The FastAPI application serves as the interface for interacting with the deployed models, allowing users to send requests with input data and receive predictions in response. The application is designed to handle both 24-hour and 48-hour prediction requests, providing flexibility for users based on their specific needs, and its contained in the `src/app.py` file.For the deployment test, the application was run on the local machine, and given a very small (48h) sample input data to verify the functionality of the API. 

### Example API Request

```bash

curl -X POST "http://localhost:8000/predict/RF_48h" -H "Content-Type: multipart/form-data" -F "file=@input_data.csv"
{"predictions":[0,0,0,0,0,0,0,0,0,0,0,0,0,0,0,0,0,0,0,0,0,0,0,0,0,0,0,0,0,0,0,0,0,0,0,0,0,0,0,0,0,0,0,0,0,0,0,0,0]}

```

With this test, I was able to confirm that the models were correctly loaded and that predictions were being generated as expected. The test also helped identify the flaw with the models being trained on balanced data, which led to all predictions being 0 (no failure) in the deployment test. 

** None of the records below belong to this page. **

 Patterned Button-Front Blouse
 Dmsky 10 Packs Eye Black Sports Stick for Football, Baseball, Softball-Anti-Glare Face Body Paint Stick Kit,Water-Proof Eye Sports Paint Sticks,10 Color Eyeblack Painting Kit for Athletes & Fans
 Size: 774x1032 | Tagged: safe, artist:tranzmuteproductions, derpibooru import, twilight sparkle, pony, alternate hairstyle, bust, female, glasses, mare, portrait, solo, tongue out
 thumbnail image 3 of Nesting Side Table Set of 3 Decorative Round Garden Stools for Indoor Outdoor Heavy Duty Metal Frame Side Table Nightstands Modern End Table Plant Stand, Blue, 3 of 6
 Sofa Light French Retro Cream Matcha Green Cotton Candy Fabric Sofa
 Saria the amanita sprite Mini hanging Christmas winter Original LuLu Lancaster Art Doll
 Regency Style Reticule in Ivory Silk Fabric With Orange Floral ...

This highlighted the need for further refinement of the models and their training process, to ensure they can effectively handle real-world data distributions. While the 24h models seem to be overfitting, the 48h models seem to be need larger datasets to be able to generalize better. This can be attributed to the fact that the feature engineering used big and diverse time windows, which may not be as effective for shorter-term predictions, causing data leakage and overfitting. Its also importat to note that the test input data was manufacture to have no information about previous errors, maintenance and failures, which is not the case in real world scenarios, where this information is usually available, unless its a new machine.

## Conclusion
In conclusion, the Microsoft Azure Predictive Maintenance project successfully developed and deployed predictive models for machine failure prediction. The models demonstrated strong performance metrics, particularly in terms of recall, which is critical for minimizing false negatives in predictive maintenance scenarios. The best-performing models were the random forest models for both 24-hour and 48-hour predictions, with the 24-hour models showing slightly better performance overall. Although the models showed some signs of overfitting, they were still able to generalize well to unseen data, indicating their robustness and reliability for practical applications.

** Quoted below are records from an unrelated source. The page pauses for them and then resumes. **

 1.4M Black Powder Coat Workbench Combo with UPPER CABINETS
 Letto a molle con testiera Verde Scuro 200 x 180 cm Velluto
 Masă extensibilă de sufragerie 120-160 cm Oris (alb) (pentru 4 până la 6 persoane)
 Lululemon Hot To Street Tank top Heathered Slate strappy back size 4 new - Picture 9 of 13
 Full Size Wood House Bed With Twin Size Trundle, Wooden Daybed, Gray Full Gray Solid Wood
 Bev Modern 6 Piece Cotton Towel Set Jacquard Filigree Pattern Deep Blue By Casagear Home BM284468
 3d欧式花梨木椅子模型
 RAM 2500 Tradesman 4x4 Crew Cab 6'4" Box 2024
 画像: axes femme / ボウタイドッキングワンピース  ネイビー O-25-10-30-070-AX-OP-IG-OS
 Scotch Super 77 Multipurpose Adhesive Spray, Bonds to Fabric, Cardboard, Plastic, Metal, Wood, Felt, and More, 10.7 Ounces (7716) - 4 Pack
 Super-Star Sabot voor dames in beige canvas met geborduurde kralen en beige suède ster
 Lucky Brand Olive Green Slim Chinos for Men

Thus, I would recommend the use of a 48-hour prediction model, as it provides a good balance between prediction accuracy and the time available to act on potential failures. This longer prediction horizon allows for more proactive maintenance actions, which can lead to reduced downtime and costs associated with machine failures. However, it is important to consider the specific operational constraints and requirements of the use case when selecting the appropriate model and prediction horizon. And this model need a robust and extensive dataset to avoid overfitting, data leakage and generalize well.

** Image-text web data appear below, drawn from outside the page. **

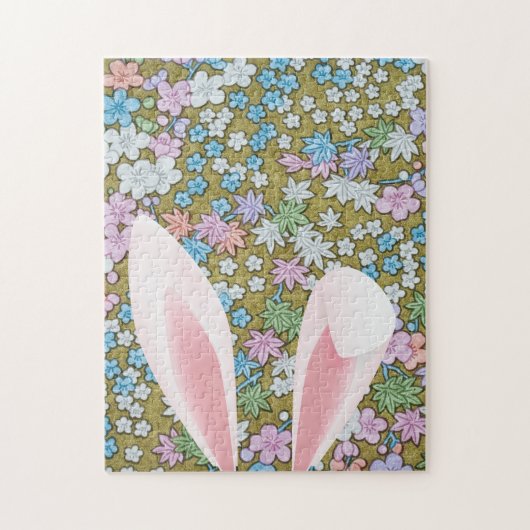 Paasbondsaar met kleurrijke Floral achtergrond Legpuzzel (Verticaal)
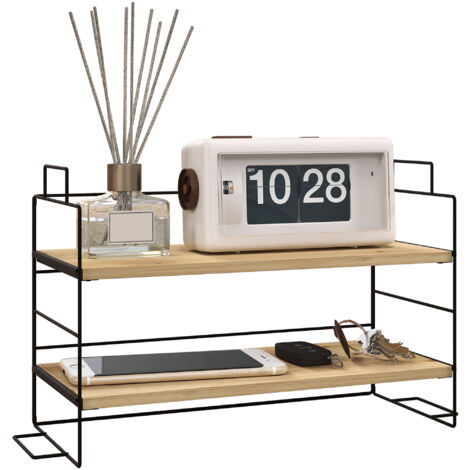 Organisateur de bureau, étagère de rangement de bureau à 2 niveaux, 42l x 16,5P x 24,5H cm, étagère en bois et structure métal noir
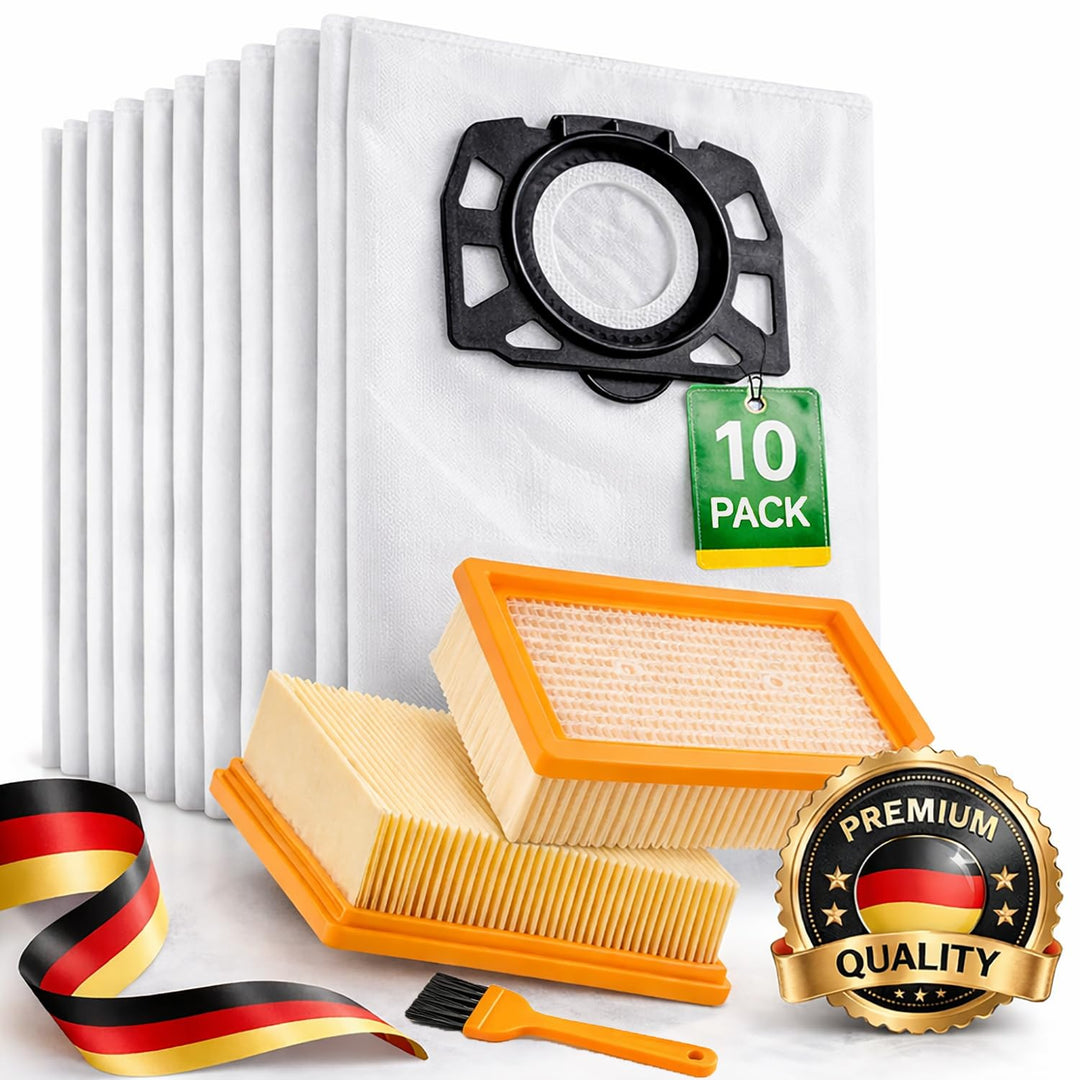 10 Stück Staubsaugerbeutel + 2 Stück Filter Ersatzset Kompatibel mit Kärcher WD4 WD5 WD6 WD5P WD6P M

For future work, it would be beneficial to explore additional features and data sources that could further improve the models' performance, as well as to investigate the potential for real-time monitoring and prediction capabilities. Additionally, conducting a cost-benefit analysis of the predictive maintenance actions based on the model predictions could provide valuable insights into the economic impact of implementing such systems in practice.

The deployment process still needs to be refined, as the models need to be trained on more representative data, and the API needs to be tested with more realistic input data that reflects real-world scenarios. Also, the model needs a more robust aproach to handle imbalanced data, as well as smaller time windows for feature engineering, to avoid overfitting and data leakage.